Warning: This is a self serving blog entry.  Read at your own risk of boredom.

It dawned on me of late that I wasn't sure whether or not I actually liked myself.  Maybe it's a quarter life crisis (I could live until 120 right? Who am I kidding, it would have to be a 'one-third' life crisis)... or could be it has to do with my recent breakup... or maybe it's some larger existential dilemma.  Well, whatever it is, I decided to make a list of all the things that irritated me about myself and then sift through the muck and try to find some redeeming qualities underneath it all.  Let's begins with some of the cons (note: this list has been edited to protect the ego.)
  1. My fingernail polish always chips a day later.
  2. I watch too much TV.
  3. I can't cook to save my life.
  4. My bangs always curve in one direction as if by some magnetic pull.  And I could use more hair.
  5. I'm terrible at keeping in touch.
  6. My boobs are too big (and, yes, this is a con)
  7. I have never been good with authority.
  8. I prefer to read Stephen King over Yeats.
  9. My one freelance TV script was never produced.
  10. Babies frighten me.  As does marriage.  And spiders.  And failure.  And technology.  And any sport that requires balance.  
  11. I get stressed out very easily.
  12. I cannot focus enough to do yoga or Tai Chi or meditation.
  13. I don't have a literary agent, and I've been at this game for 5 years.
  14. I get my feelings hurt easily but am an expert at hiding it... which I hear is a bad thing. 
  15. I never know the appropriate amount to tip.

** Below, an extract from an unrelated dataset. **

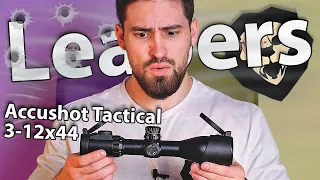 Оптический прицел Leapers Accushot Tactical 3-12x44 (Weaver, оригинал, MD, 30 мм) видео обзор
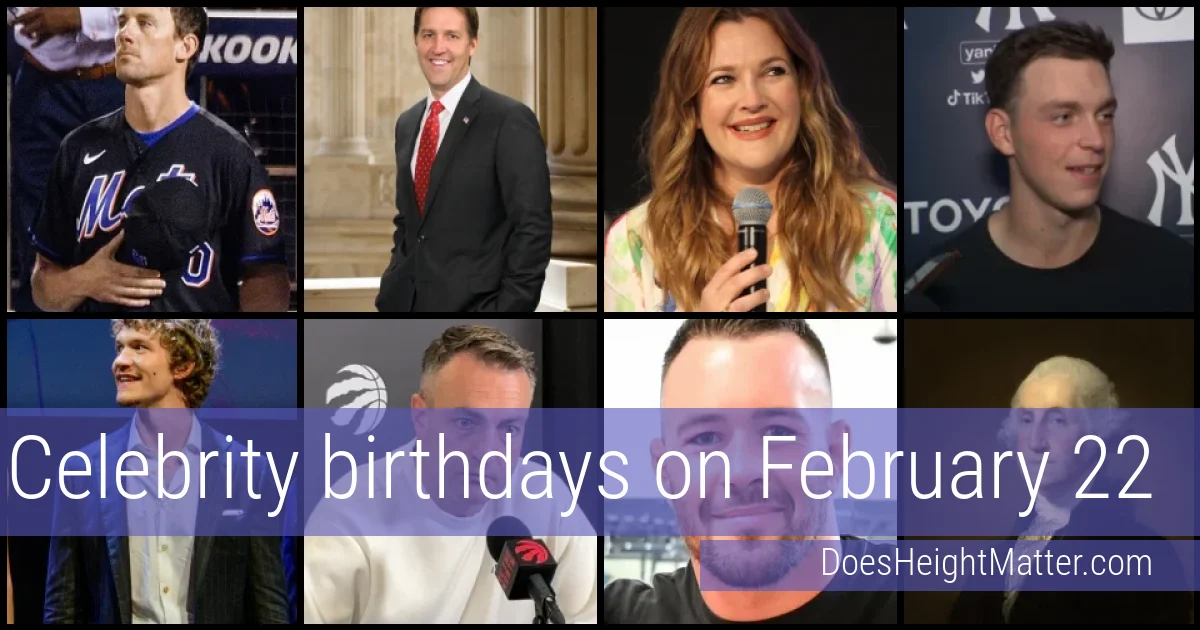 People born on February 22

  16. I am quick to anger.
  17. I should have put money in an IRA about 10 years ago.
  18. I don't volunteer nearly enough.
  19. I am a horrific gardener.  Plants die at my feet.
  20. When I'm hungry I get very whiny.  And that's putting it nicely.

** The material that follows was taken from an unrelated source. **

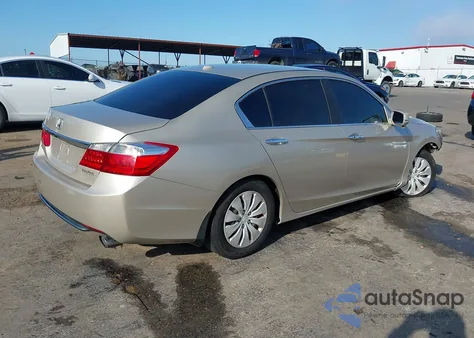 2014 Honda Accord Ex-L from USA, damaged, VIN 1HGCR2F81EA062232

  21. I can't tell one bottle of wine from the next.  It's red or it's white.  Done.
  22. My feet are getting bigger from training.  WTF!!!!!
  23. I am never up enough on politics and world events.  Don't read the paper.  Avoid the nightly news.  Shameful.

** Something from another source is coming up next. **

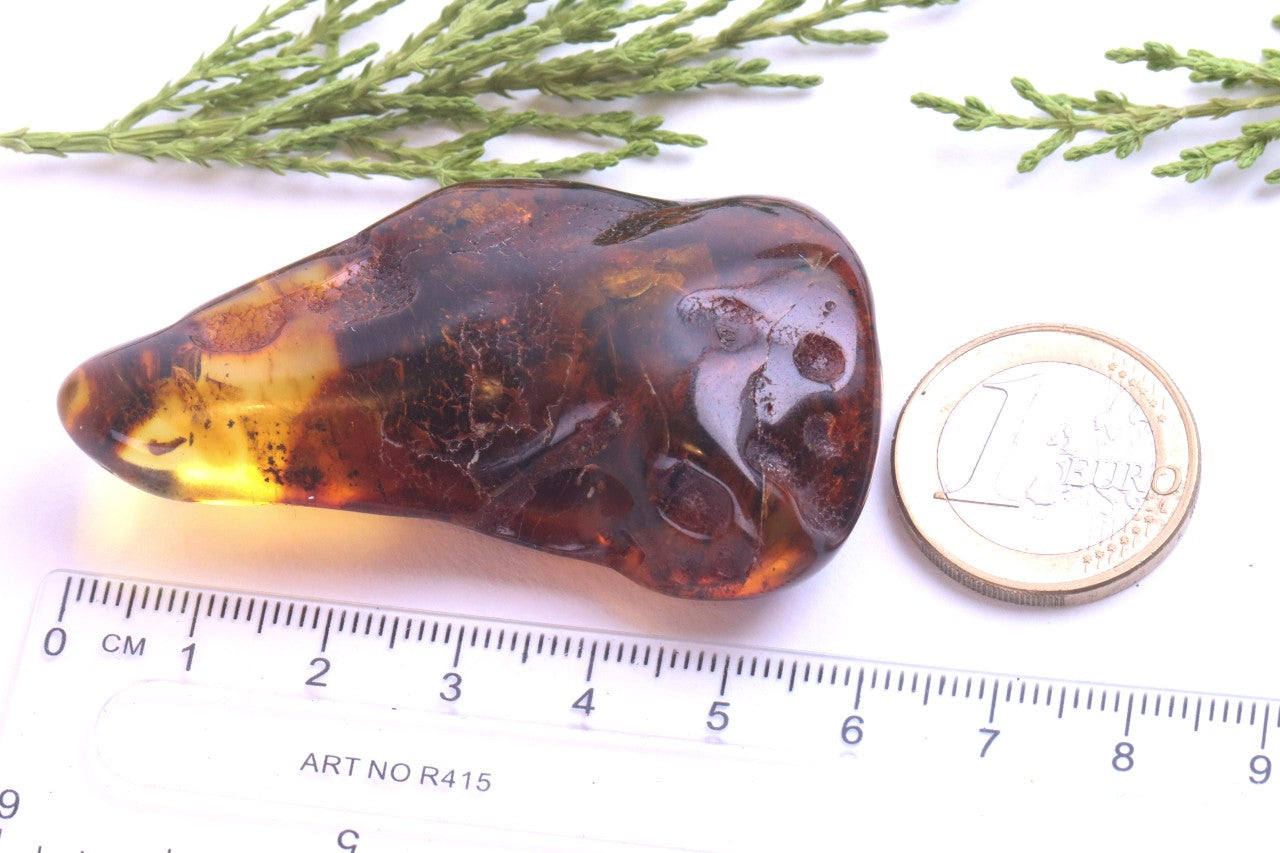 Baltic Amber Gemstone | Natural Amber for Protection and Luck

  24. I find pleasure in cracking jokes about strangers.
  25. I'm afraid of heights.
  26. I am awful at romantic relationships.
  27. I have neglected my banjo.  And my Italian.  And my piles of books waiting to be read.  And this blog.  And my current screenplay.  And, often, my cat.
  28. I am extremely cynical.
  29. My teeth need whitening.
  30. Worst of all, I'm 30 and have no more answers about who I am and what I want than I did 10 years ago.
So considering this lofty list - a list that only scratches the surface - can there be anything in this Blackheart capsule I call a body/soul/personality worth celebrating?  Yes.  Two things.  There are two, count them two qualities about myself which have been there since the beginning and have only gotten better with time.   1.)  I am a strong person.  And 2.) I am an adventurer.  Both traits are very chicken-or-the-egg.  A symbiotic relationship.  To be strong in life you have to have a spirit of adventure, knowing that no matter what comes your way, there's still more to discover.  To be adventurous, you have to be strong, because you have to have the guts and courage to go beyond what's safe and secure and seek out the unknown.  Trite as this may all sound, it gives me hope to know that in the lengthy con list of life, I've got two things going for me.  And I guess, for now, that will have to do.